If A is an m×n matrix, and B is an n×p matrix with columns b_j, then the product AB is the m×p matrix whose columns are Ab_j. That is, $$ AB = A\big[\bs{b}_1 \;\; \ldots \;\; \bs{b}_p\big] = \big[A\bs{b}_1 \;\; \ldots \;\; A\bs{b}_p\big] $$

As we can see, the columns of AB is a liner combintation of the columns of A using weights from the corresponding column if B.

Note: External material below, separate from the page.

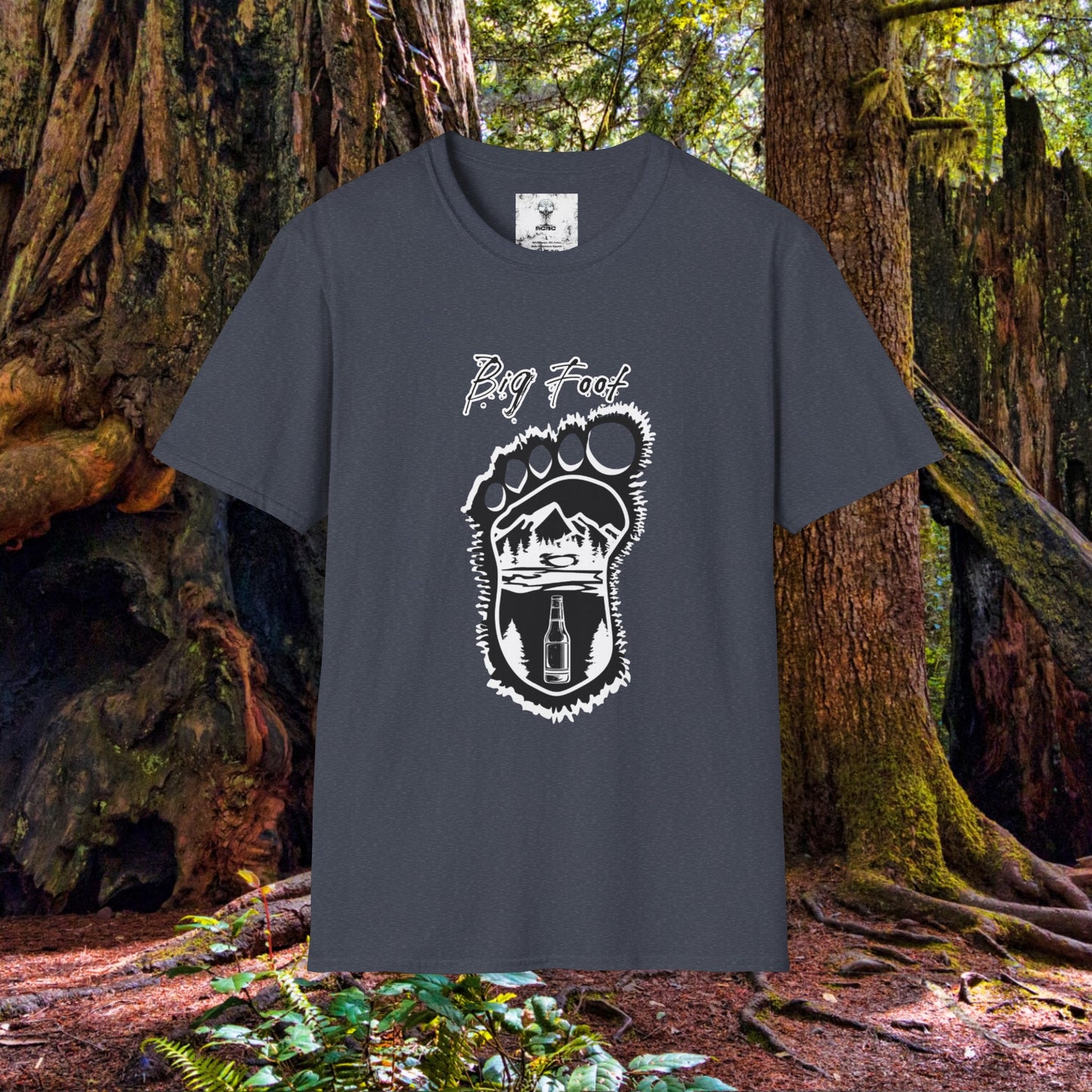 Unisex "Big Foot" Soft T-Shirt. Graphic T-Shirt, Streetwear, Branded T-Shirt, Original Design, Unisex, Adulting, Funny Shirt, Wilderness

Row-Column Rule for Computing AB

If the product AB is defined, then the entry in row i and column j of AB is the sum of the products of corresponding entries from row i of A and column j of B. If $(AB)_{ij}$ denotes the (i, j)-entry in AB, and if A is m×n matrix, then: $$ (AB)_{ij} = a_{i1}b_{1j} + a_{i2}b_{2j} + \ldots + a_{in}b_{nj}. $$

Example

Muliplying a 2×2 matrix with a 2×3 matrix. Finding the entry in AB positioned in row 1 and column 3. According to the formula above: $$ (AB)_{13} = a_{11}b_{13} + a_{12}b_{23} $$ $$ \begin{bmatrix*}[rr] \color{red}{2} & \color{red}{3} \\ 1 & -5 \end{bmatrix*} \begin{bmatrix*}[rrr] 4 & 3 & \color{blue}{6} \\ 1 & -2 & \color{blue}{3} \end{bmatrix*} = \begin{bmatrix*}[rrc] \square& \square& (\color{red}{2}\color{black}{)(}\color{blue}{6}\color{black}{) + (}\color{red}{3}\color{black}{)(}\color{blue}{3}) \\ \square& \square& \square \end{bmatrix*} = \begin{bmatrix*}[rrc] \square& \square& 12 + 9 \\ \square& \square& \square \end{bmatrix*} = \begin{bmatrix*}[rrc] \square& \square& 21 \\ \square& \square& \square \end{bmatrix*} $$ And for finding row 2 and column 2 of AB: $$ (AB)_{22} = a_{21}b_{12} + a_{22}b_{22} $$ $$ \begin{bmatrix*}[rr] 2 & 3 \\ \color{red}{1} & \color{red}{-5} \end{bmatrix*} \begin{bmatrix*}[rrr] 4 & \color{blue}{3} & 6\\ 1 & \color{blue}{-2} & 3 \end{bmatrix*} = \begin{bmatrix*}[rcc] \square& \square& 21 \\ \square& (\color{red}{1}\color{black}{)(}\color{blue}{3}\color{black}{) + (}\color{red}{-5}\color{black}{)(}\color{blue}{-2}) & \square \end{bmatrix*} = \begin{bmatrix*}[rcc] \square& \square& 21 \\ \square& 3 + 10& \square \end{bmatrix*} = \begin{bmatrix*}[rcc] \square& \square& 21 \\ \square& 13 & \square \end{bmatrix*} $$ The cell in AB determines what row from A we use, and what column in B.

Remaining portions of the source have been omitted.